I ordered the 4850 for 143 euro yesterday. I hope radeonhd will support it soon. Even if some nvidia cards offer better buck/performance (especially new 9800gtx to be sold for 199$ - ~150 euro) I'll put my money where my mouth is.  I hope this will drive other vendors to open the specs for their hardware.

----------

## asturm

As far as I have seen, 4850 is at least on par with the performance of 9800 GTX.

There's even initial 4850 support in xf86-radeon-ati through AtomBIOS, but no 2D/3D acceleration yet.

----------

## Evincar

Yes, the 4850 is a very serious contender in terms of price/performance againts the Nvidia offerings, something that has not happenned for quite a while. I am wondering how the 4650 will turn out. That card could give very solid performance for something 100€!!! 

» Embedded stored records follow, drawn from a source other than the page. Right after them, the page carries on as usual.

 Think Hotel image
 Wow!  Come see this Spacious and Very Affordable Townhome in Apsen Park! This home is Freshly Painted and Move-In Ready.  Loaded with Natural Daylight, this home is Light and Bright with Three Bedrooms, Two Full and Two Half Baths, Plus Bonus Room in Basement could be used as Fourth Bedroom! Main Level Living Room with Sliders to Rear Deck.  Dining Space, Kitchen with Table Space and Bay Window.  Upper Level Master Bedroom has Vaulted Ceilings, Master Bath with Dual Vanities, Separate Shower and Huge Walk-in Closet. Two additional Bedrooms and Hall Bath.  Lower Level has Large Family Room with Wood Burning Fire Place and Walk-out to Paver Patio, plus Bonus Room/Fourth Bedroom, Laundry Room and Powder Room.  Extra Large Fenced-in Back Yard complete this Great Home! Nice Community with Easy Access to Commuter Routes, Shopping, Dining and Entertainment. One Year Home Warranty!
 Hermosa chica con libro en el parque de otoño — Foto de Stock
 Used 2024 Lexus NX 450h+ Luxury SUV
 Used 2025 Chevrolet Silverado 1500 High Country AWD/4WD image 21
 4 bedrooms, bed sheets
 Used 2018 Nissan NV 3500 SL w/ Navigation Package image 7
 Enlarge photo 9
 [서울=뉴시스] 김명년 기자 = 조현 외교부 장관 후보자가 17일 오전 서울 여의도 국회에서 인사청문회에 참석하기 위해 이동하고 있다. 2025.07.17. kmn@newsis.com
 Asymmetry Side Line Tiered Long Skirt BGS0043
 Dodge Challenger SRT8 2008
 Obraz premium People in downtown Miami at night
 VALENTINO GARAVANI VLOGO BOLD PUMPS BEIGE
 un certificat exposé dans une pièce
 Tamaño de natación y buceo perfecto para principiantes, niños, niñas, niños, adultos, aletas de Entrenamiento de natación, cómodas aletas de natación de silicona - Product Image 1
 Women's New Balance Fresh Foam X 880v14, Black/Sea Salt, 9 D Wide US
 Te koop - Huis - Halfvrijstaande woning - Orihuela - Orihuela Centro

I bet we will soon be seeing benchmarks in phoronix, and honestly I expect the 4850 to slaughter the opposition under Linux. AMD seems dead serious about their support. Now, if they could only fix the R500 mess...

----------

## crazycat

2.6.26-rc7 has some dri updates that enable r500 acceleration, so does radeonhd git. It's still very alpha, but you can see the effort and even contribute if it's moving too slow for you. After years of using proprietary drivers I'm deadly determined to buy only the hardware that has open specifications. A year ago I was very sceptical when ATI announced that they'll open the 3d specs. But looks like it wasn't just bullshit. Also I know how hard it is to write drivers, especially for multiprocessor machines. The usable r700 radeonhd is probably 1-2 years away, still I feel good paying amd for an effort.

----------